### Available records

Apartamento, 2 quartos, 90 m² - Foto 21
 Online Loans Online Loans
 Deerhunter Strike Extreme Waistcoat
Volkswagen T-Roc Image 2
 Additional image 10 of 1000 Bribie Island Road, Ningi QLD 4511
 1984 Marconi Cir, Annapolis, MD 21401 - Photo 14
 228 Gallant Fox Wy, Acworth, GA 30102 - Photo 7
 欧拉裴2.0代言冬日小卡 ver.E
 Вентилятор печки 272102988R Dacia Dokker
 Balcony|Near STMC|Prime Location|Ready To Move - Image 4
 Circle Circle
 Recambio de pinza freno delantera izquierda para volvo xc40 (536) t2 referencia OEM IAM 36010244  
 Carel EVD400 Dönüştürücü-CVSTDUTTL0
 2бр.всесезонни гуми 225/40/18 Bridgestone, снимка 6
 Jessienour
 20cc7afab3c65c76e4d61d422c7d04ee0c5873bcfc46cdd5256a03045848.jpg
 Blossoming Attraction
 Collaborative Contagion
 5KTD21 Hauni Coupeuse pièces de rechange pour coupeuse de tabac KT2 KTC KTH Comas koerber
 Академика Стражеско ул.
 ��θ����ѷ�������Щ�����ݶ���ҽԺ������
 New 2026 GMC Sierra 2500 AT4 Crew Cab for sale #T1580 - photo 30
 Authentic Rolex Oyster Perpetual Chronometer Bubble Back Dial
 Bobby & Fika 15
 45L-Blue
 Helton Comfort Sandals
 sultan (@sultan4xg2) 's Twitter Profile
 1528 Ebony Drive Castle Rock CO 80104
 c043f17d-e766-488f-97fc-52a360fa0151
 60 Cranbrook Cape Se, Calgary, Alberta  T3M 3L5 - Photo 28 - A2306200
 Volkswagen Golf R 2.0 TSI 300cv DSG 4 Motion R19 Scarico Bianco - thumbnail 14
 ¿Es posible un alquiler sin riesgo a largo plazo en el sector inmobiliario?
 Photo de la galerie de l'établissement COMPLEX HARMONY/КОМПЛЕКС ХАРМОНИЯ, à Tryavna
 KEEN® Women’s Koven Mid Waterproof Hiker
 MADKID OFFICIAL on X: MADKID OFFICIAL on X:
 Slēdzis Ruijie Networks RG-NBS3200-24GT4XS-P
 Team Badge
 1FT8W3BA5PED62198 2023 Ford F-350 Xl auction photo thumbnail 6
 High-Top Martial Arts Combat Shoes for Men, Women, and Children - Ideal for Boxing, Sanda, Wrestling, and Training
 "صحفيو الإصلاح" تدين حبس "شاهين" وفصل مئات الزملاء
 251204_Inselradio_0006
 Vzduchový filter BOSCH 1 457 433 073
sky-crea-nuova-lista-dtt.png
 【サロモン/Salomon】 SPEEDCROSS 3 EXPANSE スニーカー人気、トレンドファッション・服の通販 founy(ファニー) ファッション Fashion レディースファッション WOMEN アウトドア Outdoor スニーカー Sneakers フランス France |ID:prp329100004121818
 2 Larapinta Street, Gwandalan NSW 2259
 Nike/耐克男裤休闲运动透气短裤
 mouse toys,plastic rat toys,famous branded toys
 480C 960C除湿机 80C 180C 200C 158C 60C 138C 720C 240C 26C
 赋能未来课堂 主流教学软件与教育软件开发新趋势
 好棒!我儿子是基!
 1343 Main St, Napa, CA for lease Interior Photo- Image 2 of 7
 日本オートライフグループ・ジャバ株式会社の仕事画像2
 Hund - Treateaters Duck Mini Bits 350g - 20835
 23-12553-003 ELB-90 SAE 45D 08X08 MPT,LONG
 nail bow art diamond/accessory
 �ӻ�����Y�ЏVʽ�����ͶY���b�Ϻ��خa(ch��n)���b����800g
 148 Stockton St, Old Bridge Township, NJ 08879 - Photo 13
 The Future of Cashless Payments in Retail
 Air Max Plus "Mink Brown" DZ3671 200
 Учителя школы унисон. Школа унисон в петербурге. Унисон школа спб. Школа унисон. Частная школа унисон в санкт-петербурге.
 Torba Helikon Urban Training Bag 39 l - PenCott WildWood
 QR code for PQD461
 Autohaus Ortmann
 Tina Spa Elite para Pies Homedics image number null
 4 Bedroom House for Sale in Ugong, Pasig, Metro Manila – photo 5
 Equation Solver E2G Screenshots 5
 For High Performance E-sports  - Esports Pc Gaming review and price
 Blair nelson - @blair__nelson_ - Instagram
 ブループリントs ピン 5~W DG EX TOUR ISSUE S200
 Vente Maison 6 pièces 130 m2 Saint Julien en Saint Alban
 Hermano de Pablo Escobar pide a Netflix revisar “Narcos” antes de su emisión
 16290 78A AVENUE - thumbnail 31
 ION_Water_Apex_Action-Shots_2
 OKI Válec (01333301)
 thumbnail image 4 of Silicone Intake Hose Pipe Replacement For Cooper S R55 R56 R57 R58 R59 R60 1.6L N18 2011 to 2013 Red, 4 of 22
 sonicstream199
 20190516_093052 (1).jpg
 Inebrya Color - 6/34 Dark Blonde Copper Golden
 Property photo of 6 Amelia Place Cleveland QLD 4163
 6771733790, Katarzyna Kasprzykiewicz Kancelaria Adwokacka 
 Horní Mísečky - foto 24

### Work task
Scan the records above for the lines holding "欧拉裴2.0代言冬日小卡 ver.E" and "60 Cranbrook Cape". Transcribe those two and every line between them word for word, and no others.

### Output
 欧拉裴2.0代言冬日小卡 ver.E
 Вентилятор печки 272102988R Dacia Dokker
 Balcony|Near STMC|Prime Location|Ready To Move - Image 4
 Circle Circle
 Recambio de pinza freno delantera izquierda para volvo xc40 (536) t2 referencia OEM IAM 36010244  
 Carel EVD400 Dönüştürücü-CVSTDUTTL0
 2бр.всесезонни гуми 225/40/18 Bridgestone, снимка 6
 Jessienour
 20cc7afab3c65c76e4d61d422c7d04ee0c5873bcfc46cdd5256a03045848.jpg
 Blossoming Attraction
 Collaborative Contagion
 5KTD21 Hauni Coupeuse pièces de rechange pour coupeuse de tabac KT2 KTC KTH Comas koerber
 Академика Стражеско ул.
 ��θ����ѷ�������Щ�����ݶ���ҽԺ������
 New 2026 GMC Sierra 2500 AT4 Crew Cab for sale #T1580 - photo 30
 Authentic Rolex Oyster Perpetual Chronometer Bubble Back Dial
 Bobby & Fika 15
 45L-Blue
 Helton Comfort Sandals
 sultan (@sultan4xg2) 's Twitter Profile
 1528 Ebony Drive Castle Rock CO 80104
 c043f17d-e766-488f-97fc-52a360fa0151
 60 Cranbrook Cape Se, Calgary, Alberta  T3M 3L5 - Photo 28 - A2306200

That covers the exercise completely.